Work instruction >> The answer should hold only the line with "Brook PS4 Audio Fighting Board 3D model_4" and each line after it through the last line of the material, exactly.

Material to process >>
*** Begin section ***
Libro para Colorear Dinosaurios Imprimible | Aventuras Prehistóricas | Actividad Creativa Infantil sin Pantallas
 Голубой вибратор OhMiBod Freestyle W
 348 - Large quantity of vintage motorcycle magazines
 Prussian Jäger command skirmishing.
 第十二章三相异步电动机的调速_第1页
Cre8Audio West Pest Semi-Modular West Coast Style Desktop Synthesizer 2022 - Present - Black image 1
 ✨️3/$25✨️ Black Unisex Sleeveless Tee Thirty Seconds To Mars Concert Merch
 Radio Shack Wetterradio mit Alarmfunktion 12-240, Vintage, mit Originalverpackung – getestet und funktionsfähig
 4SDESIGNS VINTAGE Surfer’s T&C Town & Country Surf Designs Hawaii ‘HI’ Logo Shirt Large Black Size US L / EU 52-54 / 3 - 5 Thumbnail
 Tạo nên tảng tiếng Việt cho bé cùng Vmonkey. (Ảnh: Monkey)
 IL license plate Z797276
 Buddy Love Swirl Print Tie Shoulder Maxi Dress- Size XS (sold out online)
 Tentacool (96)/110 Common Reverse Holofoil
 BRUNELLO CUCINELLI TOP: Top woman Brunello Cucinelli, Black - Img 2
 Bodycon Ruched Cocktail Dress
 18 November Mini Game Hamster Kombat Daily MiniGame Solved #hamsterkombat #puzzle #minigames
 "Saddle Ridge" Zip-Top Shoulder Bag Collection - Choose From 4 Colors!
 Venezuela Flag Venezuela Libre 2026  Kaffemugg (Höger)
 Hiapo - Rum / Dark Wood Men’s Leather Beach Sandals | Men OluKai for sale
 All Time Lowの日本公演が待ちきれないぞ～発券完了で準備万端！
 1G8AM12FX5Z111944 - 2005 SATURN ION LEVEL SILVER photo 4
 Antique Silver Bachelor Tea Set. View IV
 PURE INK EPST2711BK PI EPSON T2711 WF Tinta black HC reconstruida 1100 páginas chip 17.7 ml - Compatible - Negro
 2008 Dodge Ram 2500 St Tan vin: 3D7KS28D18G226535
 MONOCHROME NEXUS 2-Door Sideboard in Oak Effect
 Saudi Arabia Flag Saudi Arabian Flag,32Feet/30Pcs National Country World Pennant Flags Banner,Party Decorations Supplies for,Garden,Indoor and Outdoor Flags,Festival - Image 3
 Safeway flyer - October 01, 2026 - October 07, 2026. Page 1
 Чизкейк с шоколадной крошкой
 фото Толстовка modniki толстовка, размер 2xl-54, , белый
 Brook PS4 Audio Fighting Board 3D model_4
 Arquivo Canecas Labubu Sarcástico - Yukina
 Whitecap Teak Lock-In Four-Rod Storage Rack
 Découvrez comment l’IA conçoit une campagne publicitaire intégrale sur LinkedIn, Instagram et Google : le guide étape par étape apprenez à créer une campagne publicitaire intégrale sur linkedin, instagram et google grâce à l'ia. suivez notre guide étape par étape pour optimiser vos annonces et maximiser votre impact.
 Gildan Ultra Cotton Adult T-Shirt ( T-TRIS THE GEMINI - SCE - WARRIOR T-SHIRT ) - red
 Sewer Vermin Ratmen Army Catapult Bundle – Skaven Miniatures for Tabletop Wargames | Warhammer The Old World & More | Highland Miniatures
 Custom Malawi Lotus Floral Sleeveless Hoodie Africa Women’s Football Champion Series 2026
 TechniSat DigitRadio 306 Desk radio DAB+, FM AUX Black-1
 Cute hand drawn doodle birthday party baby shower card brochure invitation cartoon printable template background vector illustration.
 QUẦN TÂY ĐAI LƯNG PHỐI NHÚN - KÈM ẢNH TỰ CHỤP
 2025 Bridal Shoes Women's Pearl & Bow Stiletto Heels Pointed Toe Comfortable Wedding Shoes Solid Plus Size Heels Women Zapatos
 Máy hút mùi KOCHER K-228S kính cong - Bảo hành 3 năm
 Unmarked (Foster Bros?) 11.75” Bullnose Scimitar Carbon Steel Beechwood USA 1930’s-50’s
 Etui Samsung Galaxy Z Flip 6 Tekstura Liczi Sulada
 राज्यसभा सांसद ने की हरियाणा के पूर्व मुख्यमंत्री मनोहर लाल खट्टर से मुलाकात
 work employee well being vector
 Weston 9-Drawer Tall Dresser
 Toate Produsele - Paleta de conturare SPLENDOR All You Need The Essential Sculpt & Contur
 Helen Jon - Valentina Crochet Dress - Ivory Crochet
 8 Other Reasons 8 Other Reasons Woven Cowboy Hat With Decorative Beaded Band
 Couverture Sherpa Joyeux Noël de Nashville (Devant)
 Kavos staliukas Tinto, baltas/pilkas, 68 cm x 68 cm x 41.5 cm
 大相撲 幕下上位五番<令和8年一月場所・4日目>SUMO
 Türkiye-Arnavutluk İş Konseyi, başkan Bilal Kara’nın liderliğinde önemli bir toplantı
*** End section ***
Answer box >>
 Brook PS4 Audio Fighting Board 3D model_4
 Arquivo Canecas Labubu Sarcástico - Yukina
 Whitecap Teak Lock-In Four-Rod Storage Rack
 Découvrez comment l’IA conçoit une campagne publicitaire intégrale sur LinkedIn, Instagram et Google : le guide étape par étape apprenez à créer une campagne publicitaire intégrale sur linkedin, instagram et google grâce à l'ia. suivez notre guide étape par étape pour optimiser vos annonces et maximiser votre impact.
 Gildan Ultra Cotton Adult T-Shirt ( T-TRIS THE GEMINI - SCE - WARRIOR T-SHIRT ) - red
 Sewer Vermin Ratmen Army Catapult Bundle – Skaven Miniatures for Tabletop Wargames | Warhammer The Old World & More | Highland Miniatures
 Custom Malawi Lotus Floral Sleeveless Hoodie Africa Women’s Football Champion Series 2026
 TechniSat DigitRadio 306 Desk radio DAB+, FM AUX Black-1
 Cute hand drawn doodle birthday party baby shower card brochure invitation cartoon printable template background vector illustration.
 QUẦN TÂY ĐAI LƯNG PHỐI NHÚN - KÈM ẢNH TỰ CHỤP
 2025 Bridal Shoes Women's Pearl & Bow Stiletto Heels Pointed Toe Comfortable Wedding Shoes Solid Plus Size Heels Women Zapatos
 Máy hút mùi KOCHER K-228S kính cong - Bảo hành 3 năm
 Unmarked (Foster Bros?) 11.75” Bullnose Scimitar Carbon Steel Beechwood USA 1930’s-50’s
 Etui Samsung Galaxy Z Flip 6 Tekstura Liczi Sulada
 राज्यसभा सांसद ने की हरियाणा के पूर्व मुख्यमंत्री मनोहर लाल खट्टर से मुलाकात
 work employee well being vector
 Weston 9-Drawer Tall Dresser
 Toate Produsele - Paleta de conturare SPLENDOR All You Need The Essential Sculpt & Contur
 Helen Jon - Valentina Crochet Dress - Ivory Crochet
 8 Other Reasons 8 Other Reasons Woven Cowboy Hat With Decorative Beaded Band
 Couverture Sherpa Joyeux Noël de Nashville (Devant)
 Kavos staliukas Tinto, baltas/pilkas, 68 cm x 68 cm x 41.5 cm
 大相撲 幕下上位五番<令和8年一月場所・4日目>SUMO
 Türkiye-Arnavutluk İş Konseyi, başkan Bilal Kara’nın liderliğinde önemli bir toplantı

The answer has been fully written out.